President Bush has signed into law a bill to continue the federal terrorism insurance program for two years. The program had been set to expire Dec. 31.
The bill, which the Senate approved on Dec. 16 and the House the following day, extends the 2002 Terrorism Risk Insurance Act through December 2007, assuring that federal "backstop" coverage for major terrorism-related claims will continue. But the new measure requires insurers to pick up a larger share of the risk.
Construction, real estate and insurance industry groups had been lobbying for the extension. Martin L. DePoy, steering committee coordinator of the Coalition to Insure Against Terrorism, said the two-year continuation "is welcomed and necessary." He added, "it would have been difficult, if not impossible, for policyholders to obtain affordable terror coverage in the absence of such a program. Construction and hiring would have slowed. The nation's economic security would be in jeopardy."
The legislation increases the size of a terrorist event that activates the federal coverage from the current level of $5 million in insured claims to $50 million in 2006 and then to $100 million in 2007 The measure also hikes the amount of claims that insurers would have to cover, from 15% of premiums now, to 17.5% in 2006 and 20% of premiums in 2007.

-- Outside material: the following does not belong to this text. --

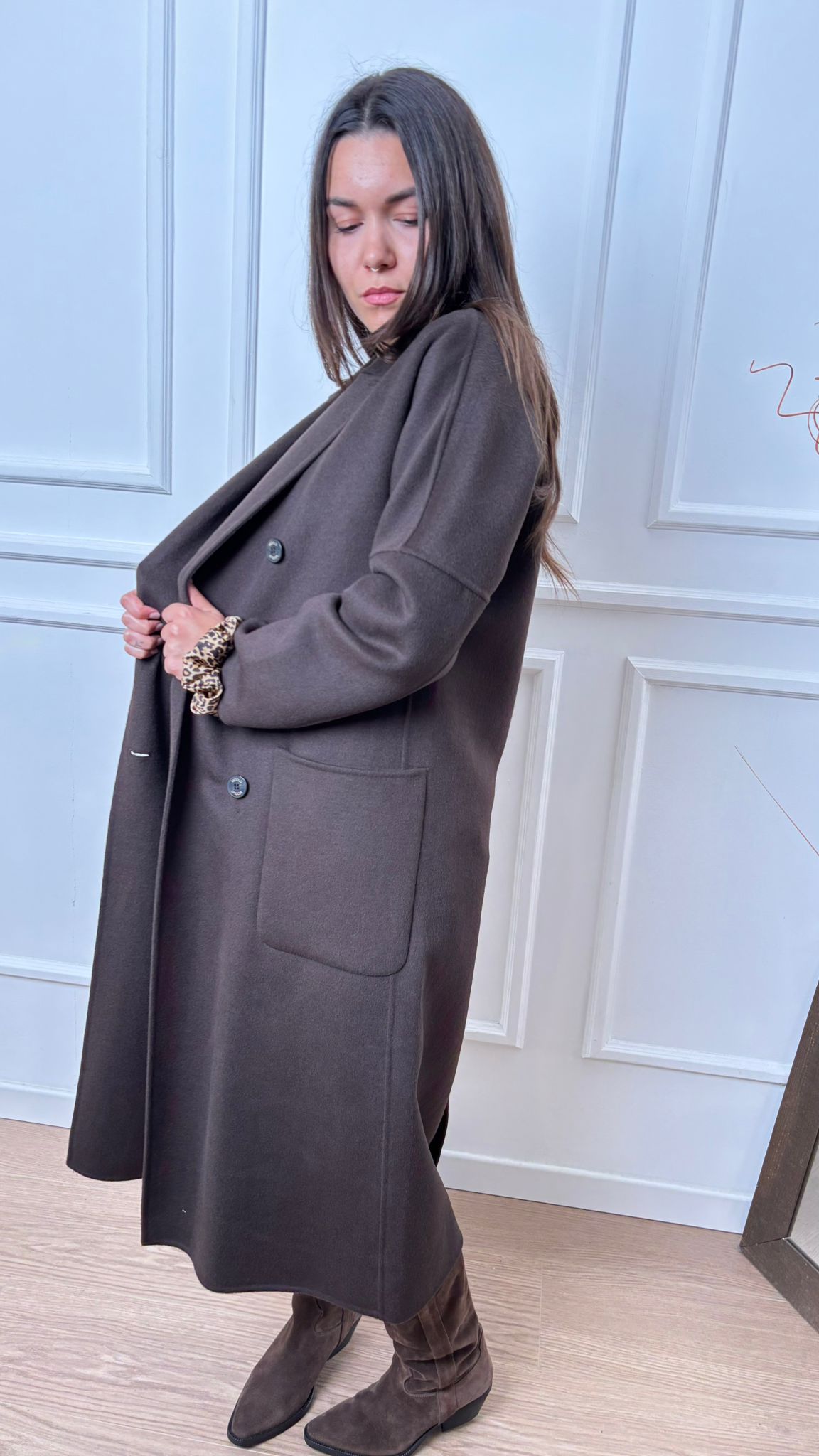 Cappotto doppiopetto Vicolo TF0001 fondente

Moreover, the legislation eliminates some insurance lines from potential backstop coverage, including commercial automobiles, professional liability, burglary and theft, surety, multiple peril and farm owners.
Senate banking committee Chairman Richard Shelby (R-Ala.) said that "it is my hope that the program will no longer be necessary when it sunsets in two years." But House Financial Services Committee Chairman Michael Oxley (R-Ohio) was more skeptical, saying that the bill "is bereft of any reforms." He said that unless a presidential working group established by the bill comes up with ideas for a long-lasting way to cover terrorism risks, "the industry will be back at the federal trough seeking yet another extension of this program; and make no mistake about it, whatever its is, Congress will respond."
The final bill represents a compromise between the Senate and House versions, but is much closer to the Senate measure. Oxley, a lead House negotiator, dropped provisions, including one that would have expanded the federal program to include group life insurance.